Let's take a look at the train_model function, where we actually train a machine learning model:

def train_model(train_frames: TrainFrames, target: Column):
    """
    Trains a model.

    Parameters
    ----------
    train_frames : TrainFrames
        The frames required during training. Includes the training dataframe, the validation dataframe, and the testing dataframe.
    target : Column
        The target column, tells you the name and the type of the column.

    Returns
    -------
    model
        The trained model.
    """
    train = train_frames.train
    features = train.loc[:, train.columns != target.name]
    targets = train[target.name]
    if target.data_type == DataType.double:
        model = LinearRegression()
    else:
        model = LogisticRegression()
    model.fit(X=features, y=targets)
    return model

Here, we extract the sub-frame that we will train the model with:

    train = train_frames.train

And then split the sub-frame into one dataframe with features to train with, and another one with only the target values to fit the machine learning model:

    features = train.loc[:, train.columns != target.name]
    targets = train[target.name]

If we are dealing with a regression problem, where the target column consists of numeric values, we use LinearRegression algorithm. Otherwise we are dealing with a classification problem, and we use LogisticRegression algorithm.

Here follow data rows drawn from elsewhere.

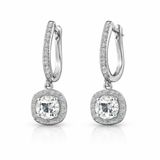 Classic Halo Drop Crystal Hoop Earrings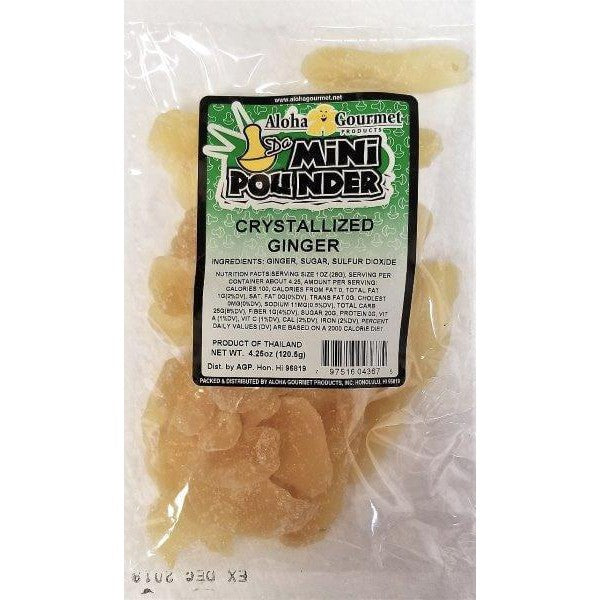 Aloha Gourmet Da Mini Pounder Crystallized Ginger 4.25oz - Leilanis Attic
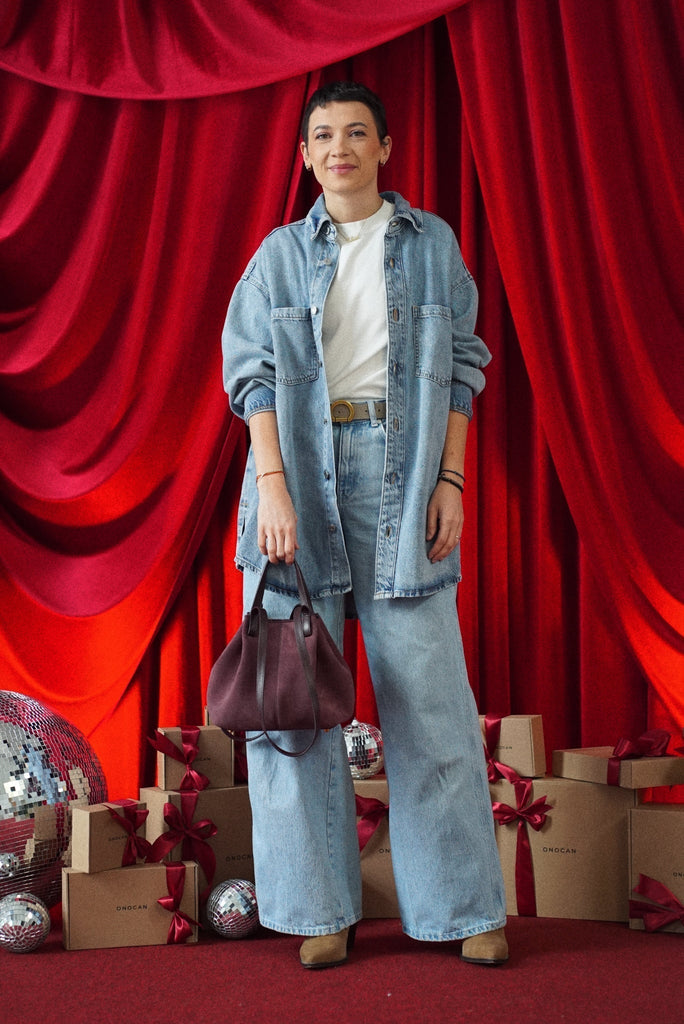 NOVA Small Burgundy Wine Velur - Handbags - ONOCAN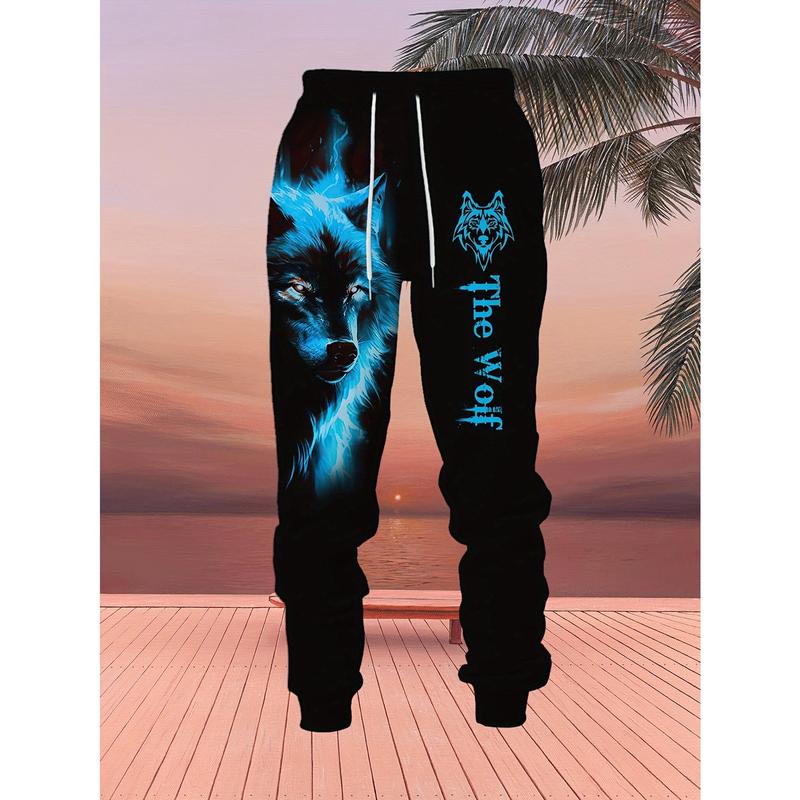 Blue Wolf Pattern Men's Spring Autumn Long Sleeve Casual Sweatshirt Set Hooded 100% Polyester Fiber Regular Fit Digital Printing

    if target.data_type == DataType.double:
        model = LinearRegression()
    else:
        model = LogisticRegression()

After we decide which algorithm to use, we can fit the model, and then return it:

    model.fit(X=features, y=targets)
    return model

Implementing your own thing

Most of the code here should be changed by you. In particular these are the things you need to consider:

  • Perhaps your machine learning algorithm is able to handle both classification and regression problems
  • Your model might need to filter out some more features
  • Instead of fit, your model might need to do something else
  • Your model might require a validation dataframe, which can be retreived via train_frames.validation

Either way, the content of this function should only serve as an example, it is up to you to decide what should actually be the machine learning model.